ここで、前記空洞の配向方向と直交方向における前記空洞の平均の個数Pは、光学顕微鏡や電子顕微鏡の画像により測定することができる。
【0037】
前記ボイド含有糸の平均直径としては、特に制限はなく、目的に応じて適宜選択することができるが、10μm〜500μmが好ましく、20μm〜200μmがより好ましく、20μm〜50μmが更に好ましい。前記平均直径が、10μm未満であると、糸切れが起こりやすく、安定して連続製造することが難しくなることがあり、500μmを超えると、糸が剛直であるため、織物などに加工した際にゴワゴワして風合いが悪くなることがあり、また、糸を加工して得られる織物をインサート成形など二次加工する場合に形状が追随しにくいことがある。前記平均直径が、前記特に好ましい範囲であると、しなやかさ、加工性、及び風合いに優れる点で有利である。
【0038】
前記糸の平均直径は、例えば、キーエンス社製デジタル寸法測定器〔LS−7600(コントローラー部)、LS−7010M(測定部)〕やミツトヨ社製のデジタルマイクロメータ(293−230MDC−25MJ)などを用いて、前記糸の直径を20点測定した際の平均値である。
【0039】
前記糸の反射率としては、特に制限はなく、目的に応じて適宜選択することができるが、40%〜90%が好ましく、40%〜80%がより好ましく、40%〜60%が更に好ましい。前記反射率が、前記特に好ましい範囲内であると、金属様光沢を有しかつ高級感のある風合いがある糸が得られる点で有利である。
【0040】
ここで、前記反射率は、日本分光株式会社製「V−570」に積分球を取り付けて波長200nmから2,500nmの範囲でスキャンした際の波長550nmにおける反射率である。また、装置付属の標準白板の測定値を100%とした。なお、得られた糸を平織りにして布形状に加工したものを測定試料とした。織る際には、糸1本当り100gから200g程度の荷重を掛けて、充分に厚密化した。
【0041】
前記断熱層としては、前記ボイド含有糸の不織布、前記ボイド含有糸を布状に織ったクロス、前記ボイド含有糸を布状に編んだニットなどから構成されることが好ましい。

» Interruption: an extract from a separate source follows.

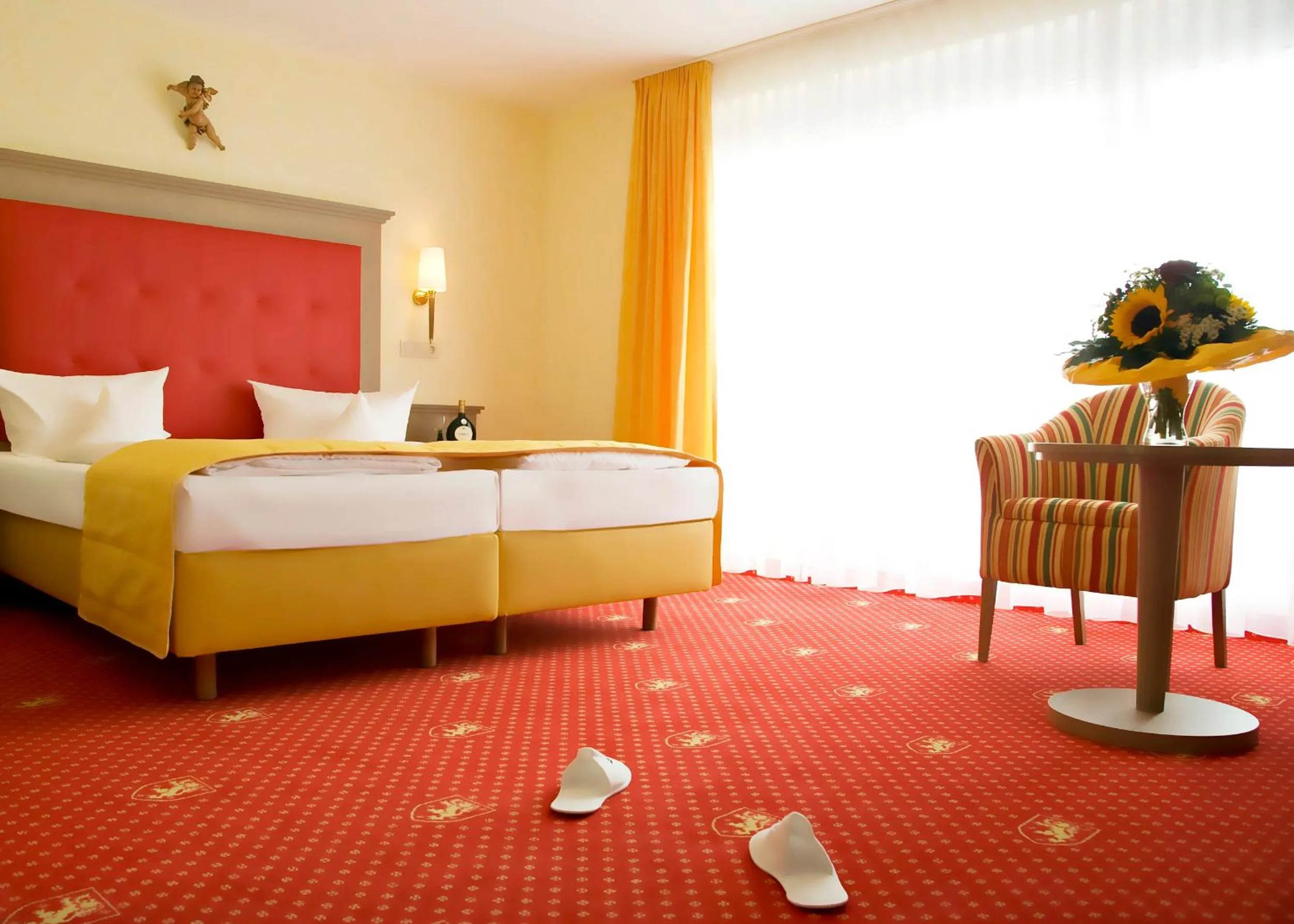 Bathroom, Bed in Hotel Wittelsbacher Höh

前記クロスとしては、綾織、平織、朱子織などが挙げられる。これらの中でも、ボイド繊維に不要な曲げストレスを加えない点で綾織りしたクロスであることが好ましい。
前記平織は、たて糸とよこ糸が1本ごとに交互に浮き沈みして交錯する組織となる織り方である。
前記綾織は、平織のように交互に浮き沈みさせて交差させず、縦糸を横糸の上を2本あるいは3本通し、その後、横糸の下を1本交差させて織られる織り組織のことである。組織点が斜めに連続して、綾線を表すのが特徴で、意匠性にも優れる。通常は、織り線は右上がりのパターンを表とする場合が多い。例えば、糸の太さと密度が同じ場合には、綾線は45°である。
【0042】
前記断熱層の平均厚みとしては、特に制限はなく、目的に応じて適宜選択することができるが、0.03mm〜3.0mmが好ましい。
【0043】
(炭素繊維強化樹脂複合材の製造方法)
本発明の炭素繊維強化樹脂複合材の製造方法は、糸状体をネック延伸してボイド含有糸を得る工程(断熱層形成工程)を少なくとも含み、炭素繊維強化樹脂層形成工程、複合化工程を含んでなり、更に必要に応じてその他の工程を含んでなる。
【0044】
<断熱層形成工程>
前記断熱層形成工程は、ボイド含有糸からなる断熱層を形成する工程であり、前記ボイド糸は、糸状体をネック延伸して得られる
【0045】
−糸状体−
前記糸状体の材質としては、特に制限はなく、目的に応じて適宜選択することができ、例えば、熱可塑性樹脂などが挙げられる。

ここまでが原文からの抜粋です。